Stärkster je registrierter Hurrikan Angst vor Monstersturm "Irma"

Der extrem gefährliche Hurrikan "Irma" zieht mit unverminderter Kraft durch die Karibik. Nach Schätzungen der Vereinten Nationen könnten in den kommenden Tagen bis zu 37 Millionen Menschen betroffen sein.

Ein aus dem Weltraum aufgenommenes Bild des Hurrikans "Irma". Bild: NOAA/AP/dpa
von Agentur DPAProfil

San Juan. Nachdem der Wirbelsturm der höchsten Kategorie fünf über die französischen Karibikinseln Saint-Barthélemy und Saint-Martin hinweggefegt war, sprach Staatspräsident Emmanuel Macron am Mittwochabend in Paris von einer Bilanz, die "hart und grausam" werde. Das Überseeministerium ging später von mindestens zwei Toten und mehreren Verletzten aus.

Zuvor war der Wirbelsturm mit Windgeschwindigkeiten von bis zu 295 Kilometern pro Stunde über die Kleinen Antillen im Südosten der Karibik hinweggezogen. Besonders heftig wurden die französischen Überseegebiete getroffen. In Saint-Martin wurde das Gebäude der Präfektur teilweise zerstört, wie das Innenministerium mitteilte. Zahlreiche Dächer wurden abgedeckt und der Strom fiel aus. "Die Schäden auf den beiden Inseln sind beträchtlich", sagte Macron. Es gehe zunächst darum, Verletzte zu versorgen und Menschen Unterkunft und Verpflegung zu geben. Macron mahnte "nationale Solidarität" an und kündigte finanzielle Mittel sowie einen Wiederaufbau-Plan an. Überseeministerin Annick Girardin wollte noch am Abend nach Guadeloupe aufbrechen.

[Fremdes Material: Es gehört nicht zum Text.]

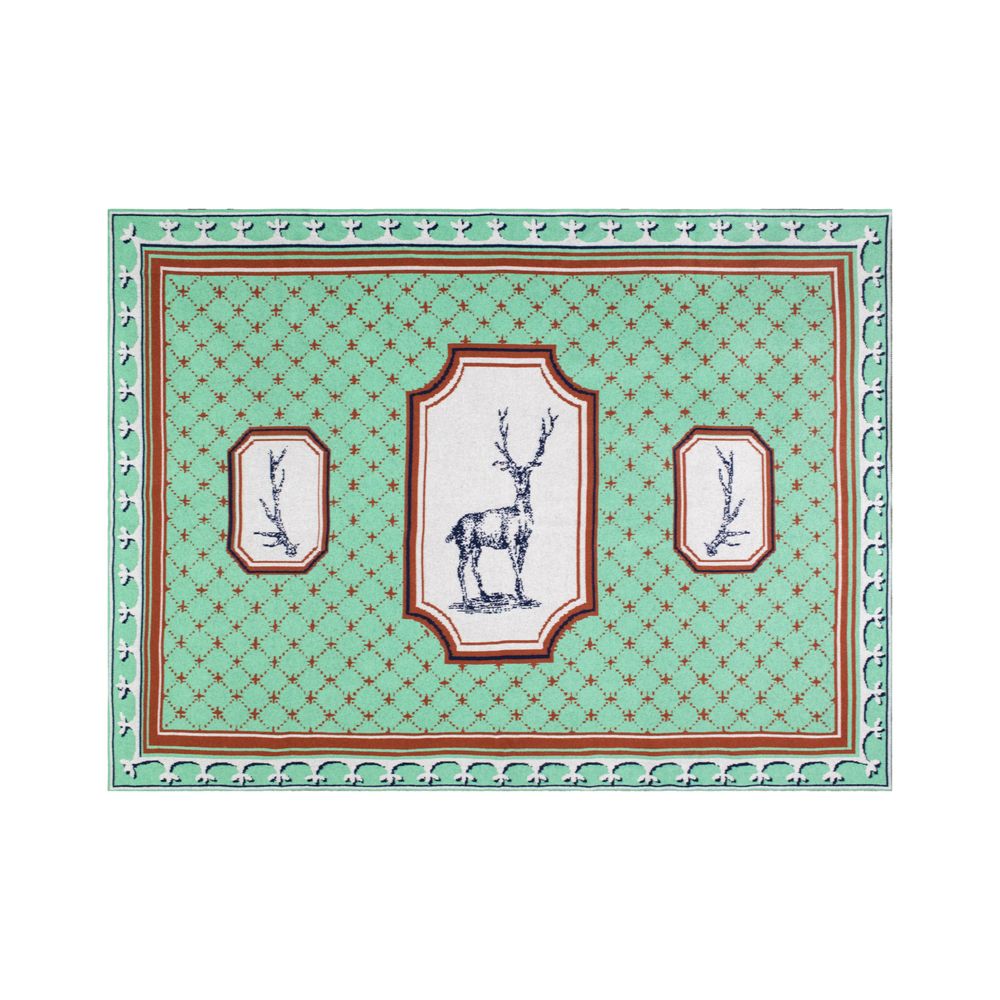 Plaids - Lukas The Illustrator - Cerf Couvre-Lit - SAVED NY
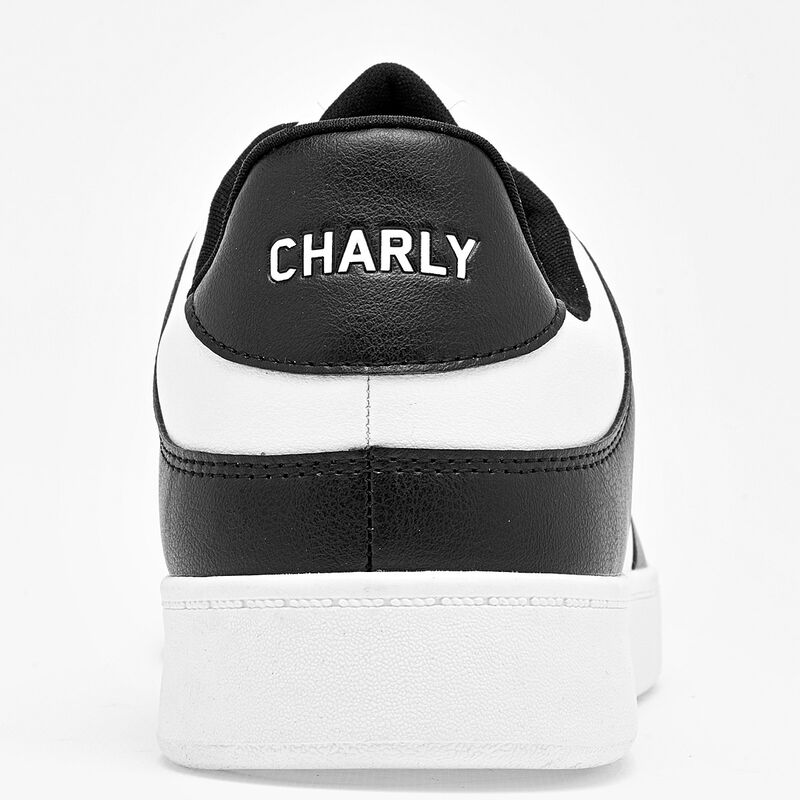 Charly tenis  para hombre blanco negro cod 1397... image number null
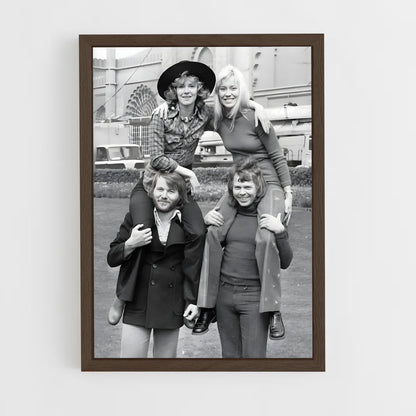 abba-1 cadre Bois foncé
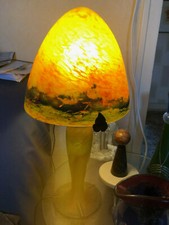 Lampe champignon pâte de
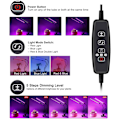 Miniatyrbillede 3 af 5: 30 LED plantelys, dobbelthovedet plantelys, USB-interface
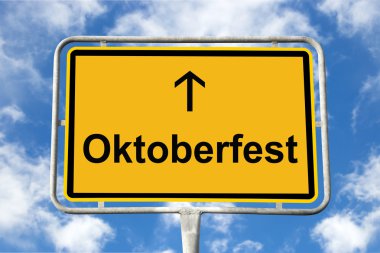 Sarı tabelasını Oktoberfest Münih, Almanya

"Irma" ist ein Hurrikan der höchsten Stufe fünf und einer der schwersten jemals in der Region registrierten Tropenstürme. Es sei mit hohen Wellen, Starkregen und heftigem Wind zu rechnen, teilte das Nationale Hurrikanzentrum der USA mit. Der Sturm bewegte sich mit 26 Kilometern pro Stunde Richtung West-Nordwest. Laut Prognose sollte er zunächst über Teile der Jungferninseln hinwegziehen, am Mittwochabend Puerto Rico streifen und am Donnerstag die Nordküste der Dominikanischen Republik passieren. Die Regierung der Bahamas ordnete die Evakuierung mehrerer Inseln der Inselkette an. Als immer wahrscheinlicher gilt zudem, dass "Irma" auf den US-Staat Florida treffen könnte.